Customer self-service is a critical element for a seamless customer experience. This mixed methods research revealed the qualitative and quantitative properties necessary for the successful design of Yarra Valley Water’s new self-service portal, My Account.


  • CHALLENGE
  • SOLUTION
  • IMPACT
  • MORE
  • Our existing customer self-service portal has approximately 27, 000 registered customers. An efficient and easy to use digital self-service is a critical component of customers' digital experience with us for supporting completion of personalised self-service account management. However, a usability evaluation revealed that our customer self-service portal was under-performing and not meeting customer expectations or needs. It revealed a customer experience where at least one in four people were unable to complete basic tasks using self-service. The business sought a re-design of the portal that would both uplift usability and increase uptake of self-service.

  • The research was planned to deliver three outcomes: evaluate usability, determine the drivers of value for customers, and test the usability of the new self-service experience. To fulfill this, nine research methods were applied. Rather than collect and analyse data in stages, one method at a time, our approach was to have all methods in field concurrently so that emergent findings could be adopted into design iterations. The result is an evidence-based, customer validated design that is now being built for customers.

  • Once released, the re-designed digital self-service portal will enable more customers to complete more tasks via self-service, especially those related to account management and inquiries related to water use. This has operational benefits for reducing calls to the contact centre, for improving overall customer satisfaction, and for supporting delivering a seamless omni-channel service experience.

  • Customers expect digital experiences to behave in similar ways. Base-lining the usability of our existing customer self-service portal revealed its under-performance for addressing standard usability principles.

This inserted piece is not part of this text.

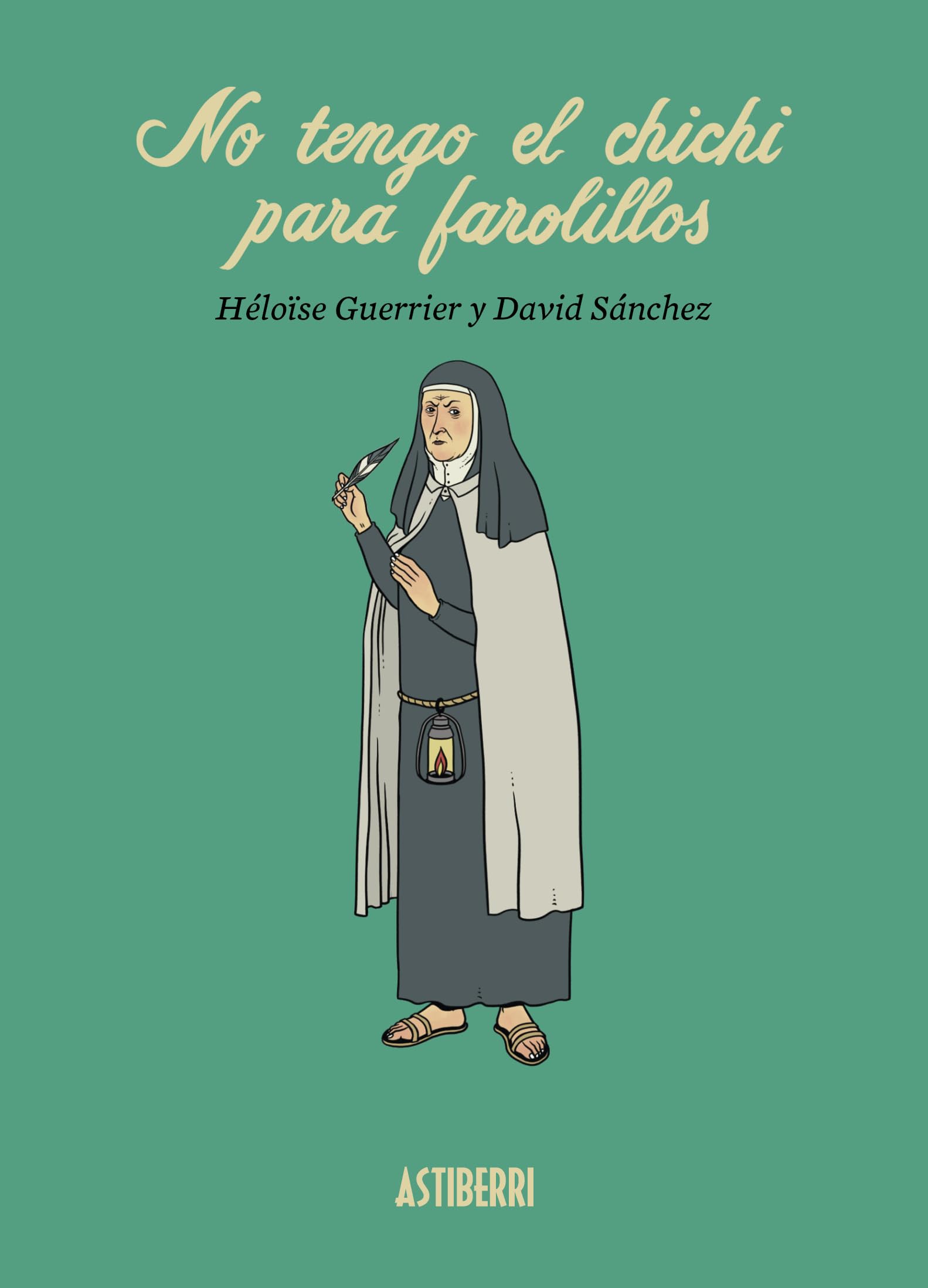 Libro: No tengo el chichi para farolillos (Astiberri Pop)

The usability evaluation showed a portal that was outmoded and lagging other digital self-service that customers interact with. Our research remit was two-fold: inform UX uplift and determine the value drivers that will deliver greater benefit to customers. Our evaluation of current state usability plus the usability testing during re-design, provided insights for achieving UX uplift commensurate with current best practice. The self-service user archetypes, customer value proposition and jobs-to-be-done hierarchy provided previously unknown insight into customers unmet needs and desires. These were critical for directing our design solution to evolve digital self-service for our customers beyond just a straight-forward UX uplift.